The island, which has 174 electric meters, had previously relied solely on diesel-powered generation with fuel delivered by barge for all of its electricity. The new Cuttyhunk microgrid comprises 1,020 solar panels with maximum output of 351.9 kilowatts, plus 1,000 kilowatt-hours of electric storage in a bank of lithium-ion batteries. The project was supported by a U.S. Agriculture Department rural electrification grant.
SDA is currently developing a solar-plus-storage system for the Isle au Haut Electric Power Co. in Maine that is projected to provide 100% of its year-round electricity and eliminate its dependence on a 35-year-old undersea electric cable. Isle au Haut has 140 year-round and seasonal electric customers.
On Cuttyhunk, Solar Design Associates served as Engineer-of-Record for the project, providing design and engineering, procurement assistance, permitting support, construction management, and full system commissioning.

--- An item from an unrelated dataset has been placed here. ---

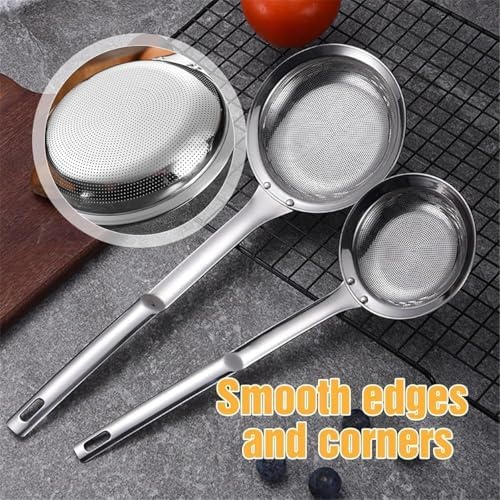 Stainless Steel Fine Mesh Colander with Handle 2PCS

Cuttyhunk, 14 miles by sea from New Bedford, is the westernmost of the Elizabeth Islands that comprise the town of Gosnold, whose 75 inhabitants counted by the 2010 Census make it the least-populated town in Massachusetts. Gosnold is named for 17thcentury explorer Bartholomew Gosnold, whose crew set up a sassafras-harvesting outpost on Cuttyhunk in 1602 and the first known English trading post in New England.